> [Task instructions]
The pictures get dropped, while every remaining part of the listing is copied exactly.

> [Information shown]
____
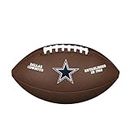 Wilson, Palla da football americano, Team Logo Composite, Dallas Cowboys, Pelle composita, Per giocatori amatoriali, Marrone, WTF1748XBDL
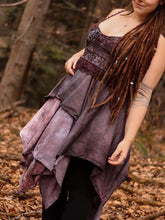 Load image into Gallery viewer, Vestido feminino tribal vintage em patchwork tie-dye
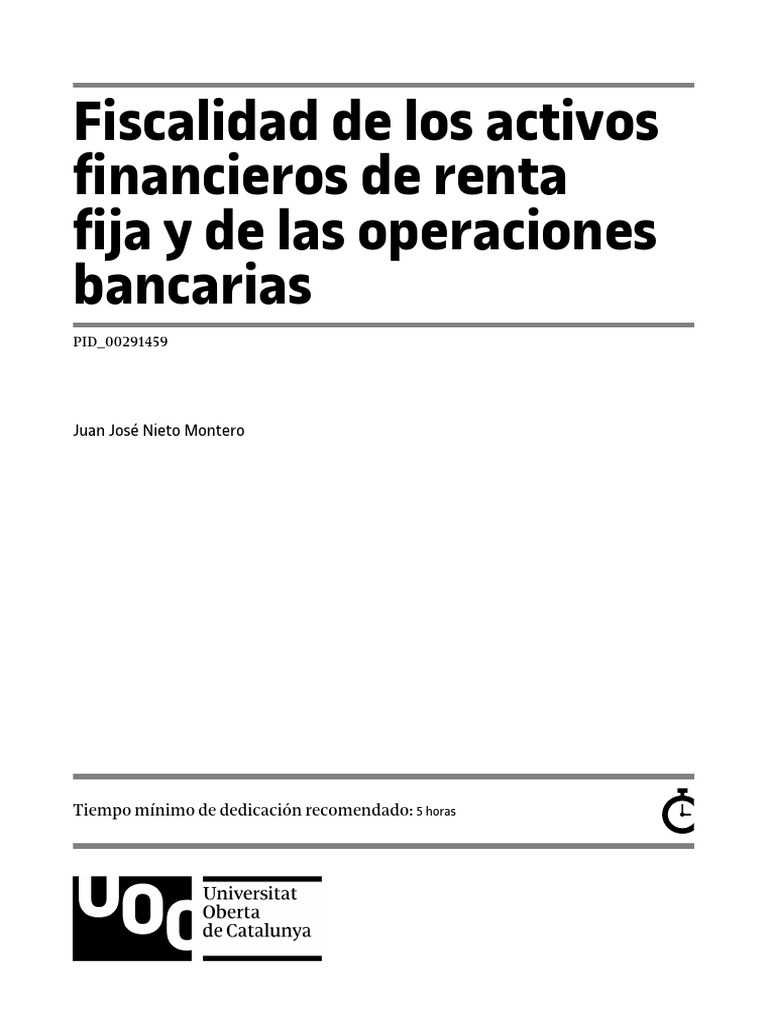 Fiscalidad de Renta Fija y Bancaria | PDF | Acciones preferentes ...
____
> [Output below]
 Wilson, Palla da football americano, Team Logo Composite, Dallas Cowboys, Pelle composita, Per giocatori amatoriali, Marrone, WTF1748XBDL
 Load image into Gallery viewer, Vestido feminino tribal vintage em patchwork tie-dye
 Fiscalidad de Renta Fija y Bancaria | PDF | Acciones preferentes ...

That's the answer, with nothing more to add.